The Key Ingredient For Creamy Leftover Mashed Potatoes

We've all been there — the day after a large dinner party, there's a Tupperware container full of creamy, rich mashed potatoes that beckons us in the odd hours of the evening. So we do what anyone does with leftovers, reheat them in the microwave, perhaps even add a few sprinkles of cheese, and some scoops of coagulated gravy. But what comes out of the microwave is not what we had the night before; it's a sad mound of dry granules, with an odd lumpy sauce for gravy. So what went wrong?

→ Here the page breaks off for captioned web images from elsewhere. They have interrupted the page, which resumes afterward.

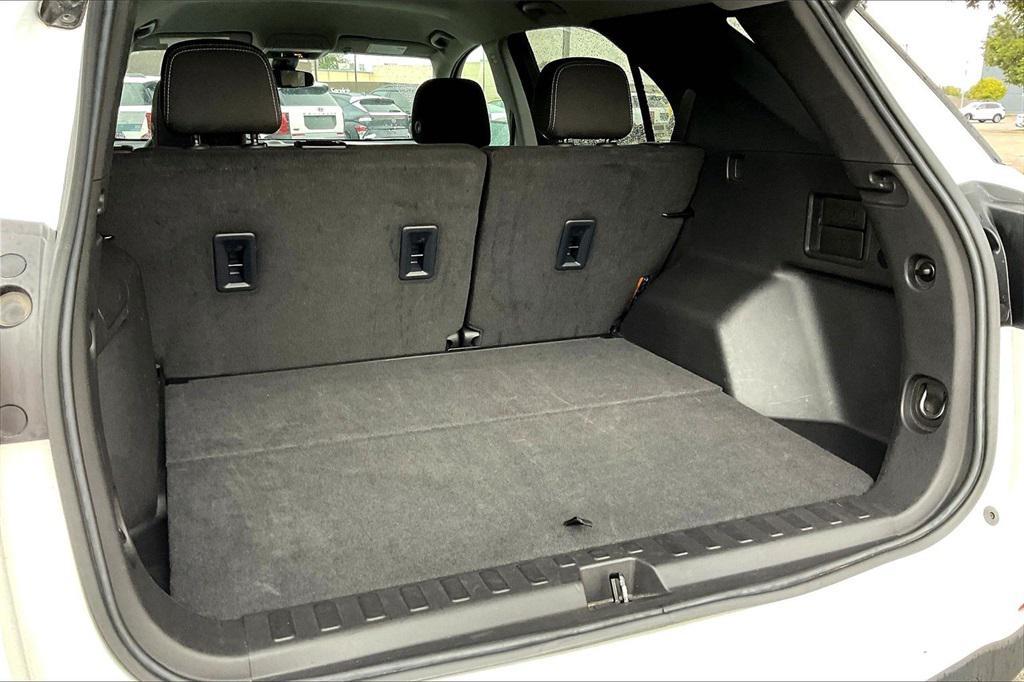 used 2024 Chevrolet Equinox car, priced at $21,444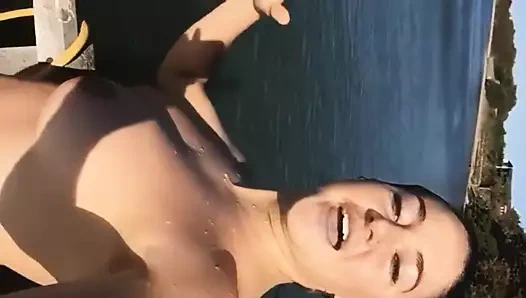 Shailene woodley ve iki kız tamamen çıplak açık havada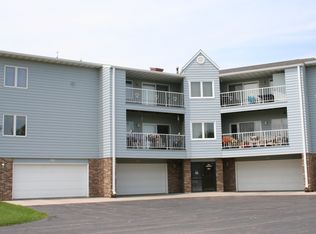 920 W Norway Ave APT 302, Mitchell, SD 57301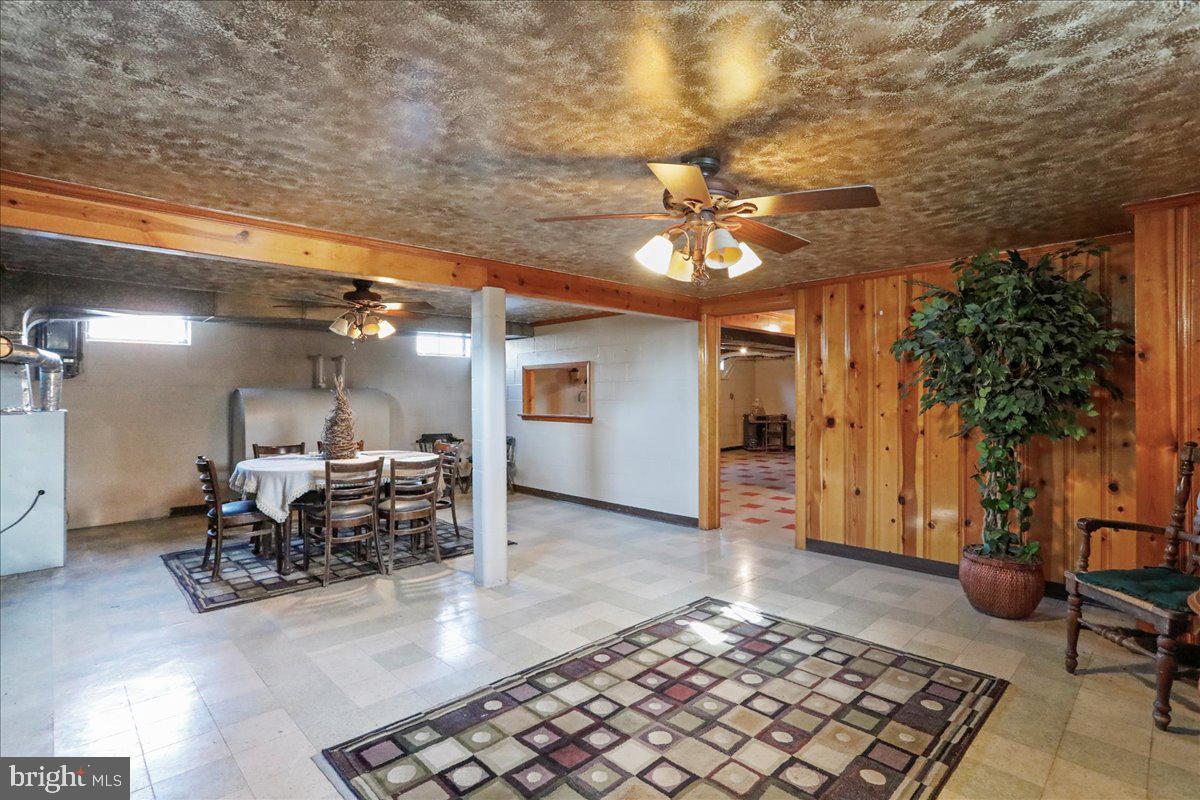 HOLIDAY ACRES - Residential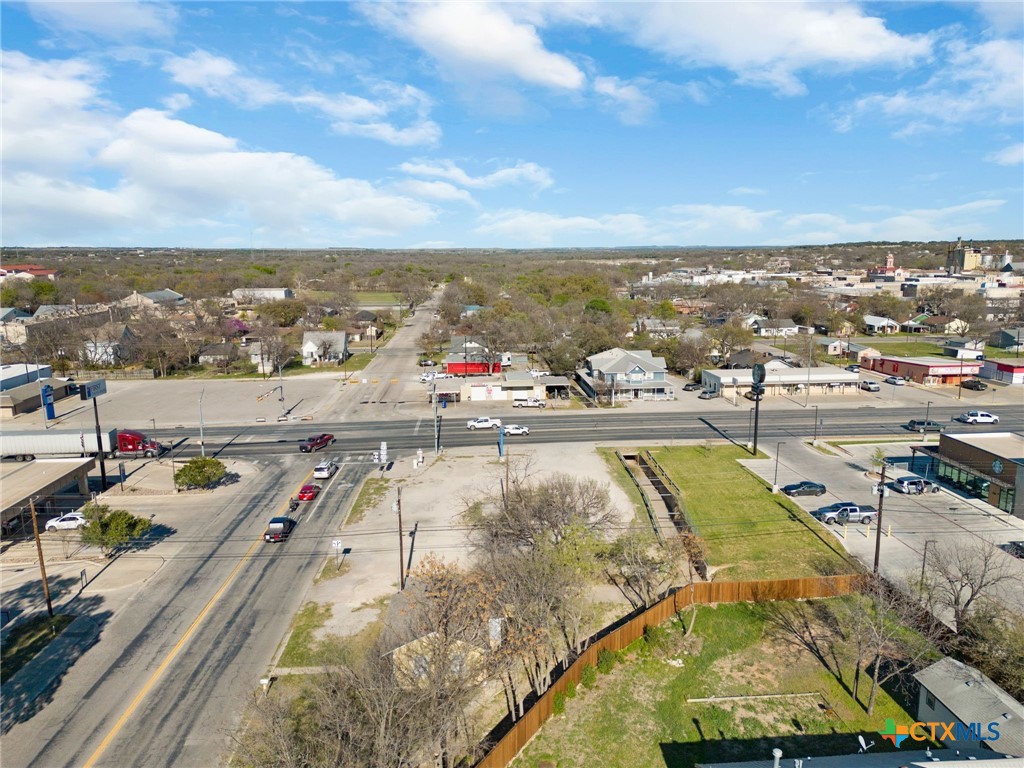 102 S Key Avenue Property Photo 3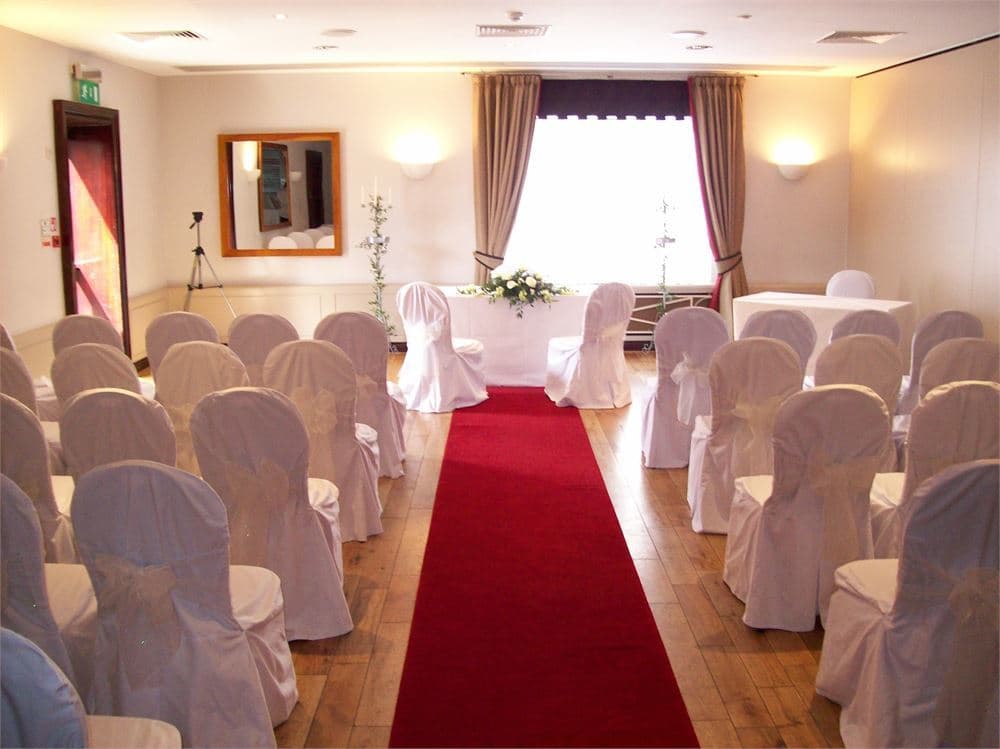 Exclusive Hire, The Dragon Hotel photo #3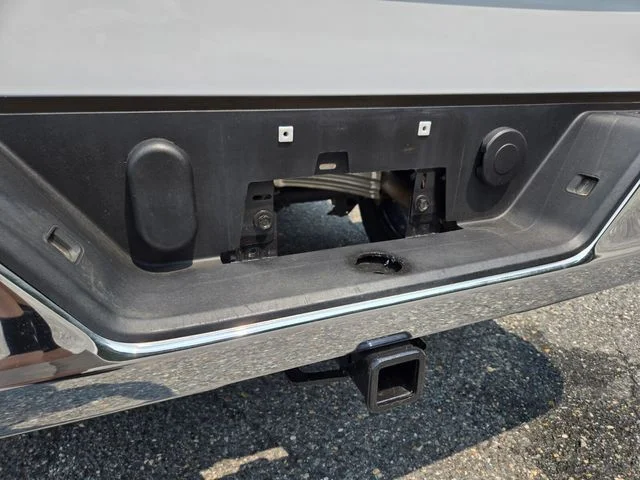 Used 2020 White Chevrolet LT image 16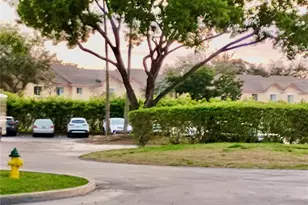 8730 N Sherman Cir, Miramar, FL 33025 - Photo 14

Well, Southern Living notes that starchy dishes like mashed potatoes and baked casseroles tend to dry out quickly in the high-heat environment of the microwave. Thus, something as starchy as mashed potatoes requires a low and slow reheating to maintain that smooth texture. But with something as low stakes as leftovers, who really wants to take out an extra pan and stand over the pot, stirring constantly? If you're determined to use electromagnetic waves to heat your mashed potatoes, do yourself a favor and add one ingredient to quench those starches.

A little milk or cream will go a long way

That's right, it's time to add even more of these luxurious fats to your mashed potatoes. Recipe developer JeanMarie Brownson suggests that you add milk or cream, or any dairy products to avoid drying up your old mashed potatoes (via Martha Stewart). Why milk or cream rather than plain water? Well, Science of Cooking explains the importance of adding dairy products to potatoes: The starches in a potato react differently to proteins in milk versus water. While water makes the potato starches swell and become gluey, casein in milk limits the swelling and creates a smoother finish.

This reaction is important to keep in mind when you're making your mashed potatoes and when you're reheating them the day after. If you're willing to reheat your mashed potatoes on the stovetop, a splash of milk or cream will still help you revive the creaminess of the potatoes from the day before, per Martha Stewart. However, if you want a quick and easy zap in the microwave, make sure to add lots of milk and cream. Heating your leftover potatoes in small increments of time and stirring in between will also help you since microwaves are famous for heating dishes unevenly, per Comsol. When you're happily digging into a warm bowl of creamy leftover mashed potatoes instead of a pile of dry, crumbly spuds, you'll be glad you put in the extra effort!